ACE inhibitors work by widening the blood vessels to help improve blood flow. They also help block a blood vessel-constricting chemical called angiotensin, which is produced in people with heart disease and may cause worsening of the disease.
In this study, Arnold and colleagues evaluated the usefulness of the ACE inhibitor Altace in preventing heart failure among high-risk patients whose hearts still pumped normally. Their findings are reported in the March 11 issue of the American Heart Association journal Circulation.

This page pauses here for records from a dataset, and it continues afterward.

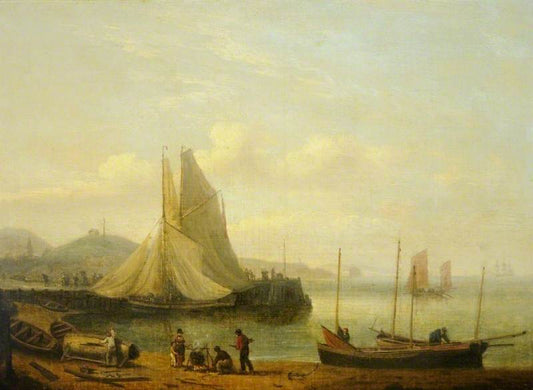 Fisherfolk Repairing Boats on a Beach, vintage artwork by Thomas Luny, 12x8" (A4) Poster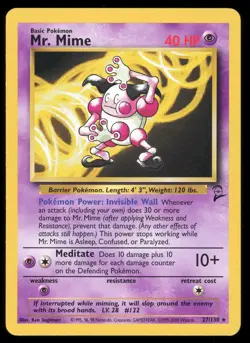 Mr. Mime - 27/130 - Pokemon Base Set 2 Rare Card WOTC NM - Image 1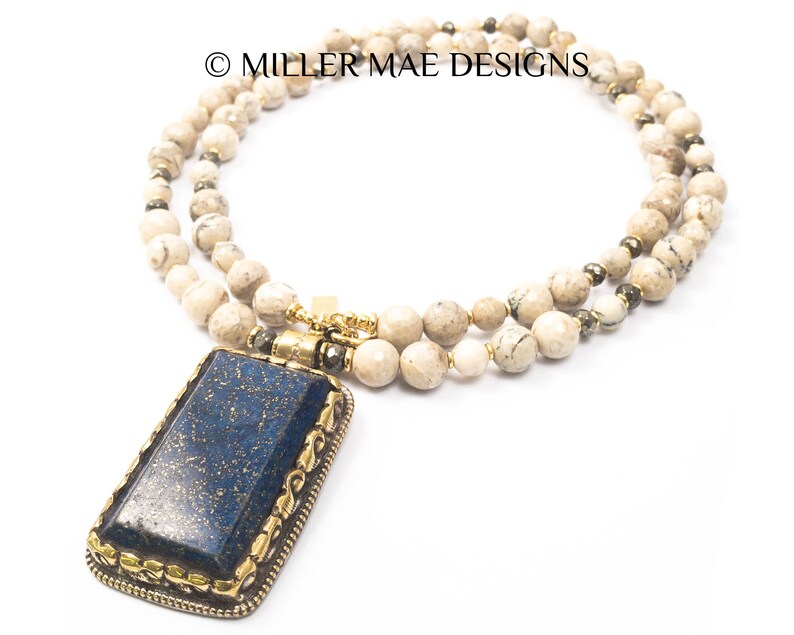 African White Opal Necklace Royal Blue Stone Necklace Bohemian Lapis Pendant Necklace Nepali Repousse Lapis Pendant Necklace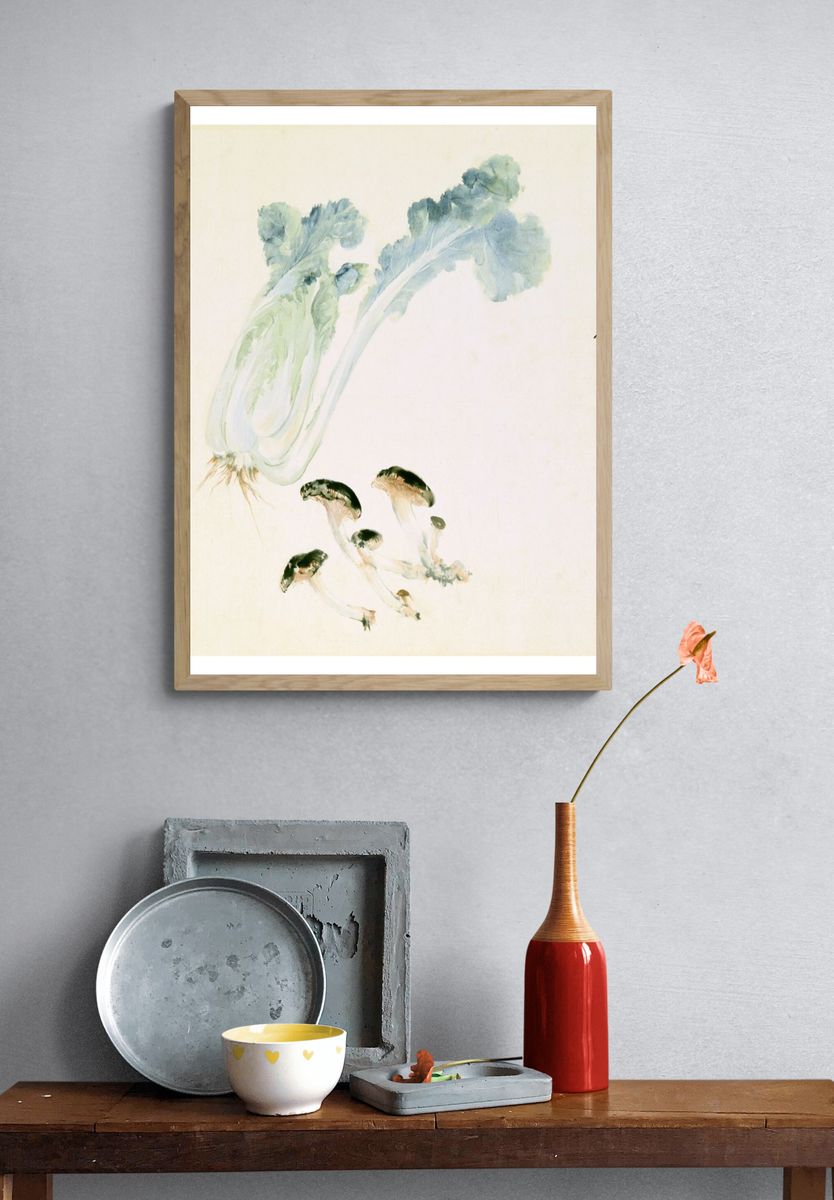 Chinese Cabbage and Mushrooms Print. — room view 3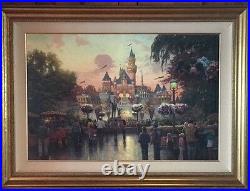 Thomas Kinkade Disneyland 50th Anniversary 24 X 36 A/P with rare Disney Frame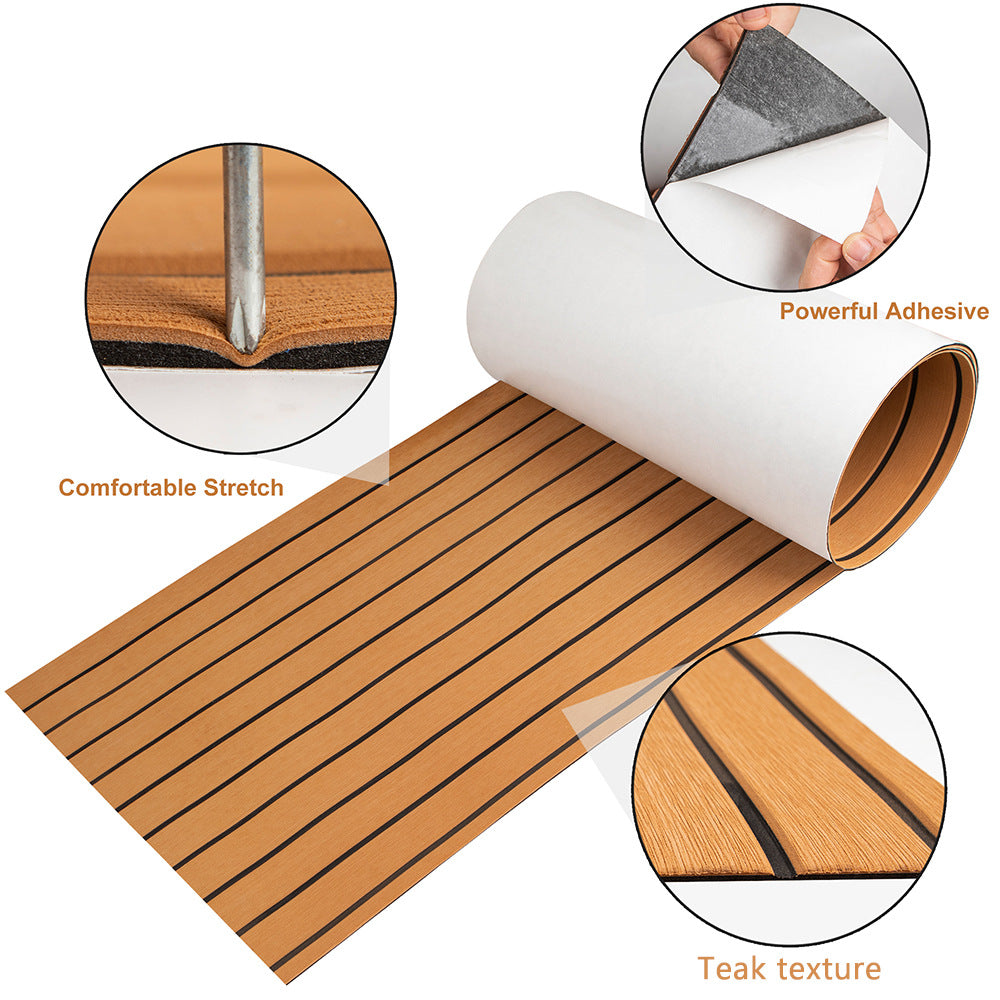 Teak EVA Foam Boat Flooring Sheet Brown with Black Stripes Self-Adhesive Marine Decking Mat for Yacht Fishing Boat RV DIY Upgrade Australian Boating(2400x600x6mm)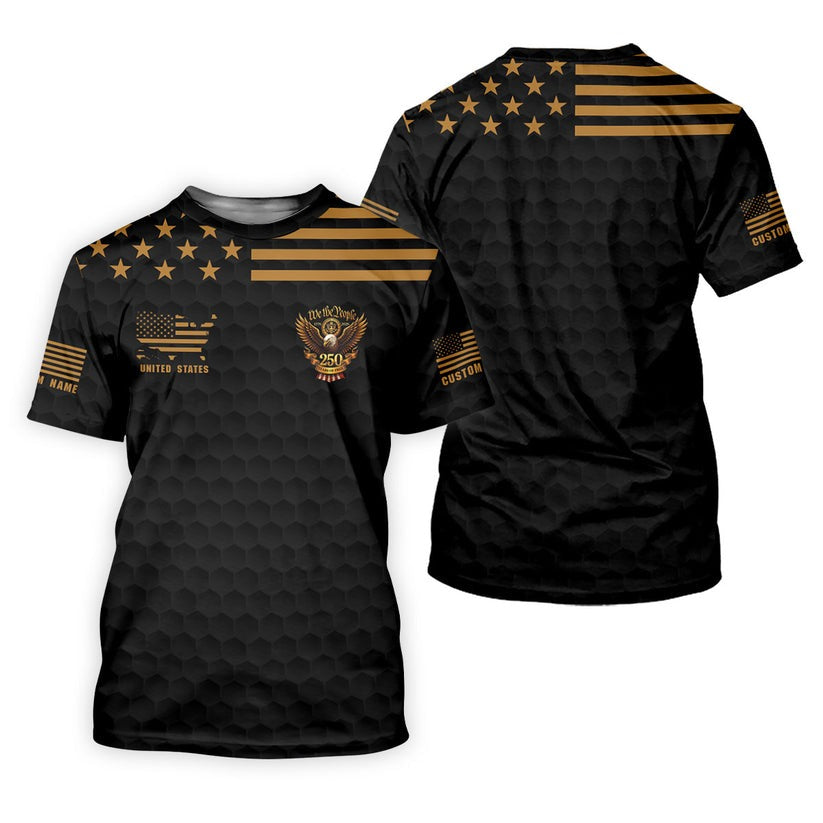 Patriotic We The People 250 Years Golf Shirt, Black Golf Ball Pattern Polo, 4th Of July Polo For Men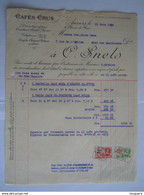 1934 C. Snels Anvers Antwerpen Cafés Crus Koffie Facture Pour Mont Sur Marchienne Taxe 3,30 Fr - Levensmiddelen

The researchers evaluated data from a study of 9,297 patients treated with either Altace or placebo for four-and-a-half years. More than half of the participants (53%) had a previous heart attack, 47% had a history of high blood pressure, and 38% had diabetes. None had evidence of heart failure or uncontrolled high blood pressure. The average age of the participants was 66, and 73% were men.
During the study period, 1,029 patients suffered heart attacks. Those treated with the ACE inhibitor had a 13% lower risk of subsequent heart failure.
Treatment with the ACE inhibitor was found to reduce the rate of heart attacks by 22% among the remaining patients.
The benefit was even greater for patients with high blood pressure at the start of the study. These patients saw a 33% reduction in heart failure risk. Patients who had only moderately high blood pressure saw a 10% reduction.
"This suggests that reducing blood pressure, even when it is only modestly above normal, can have a significant impact on the risk of developing heart failure," says Arnold.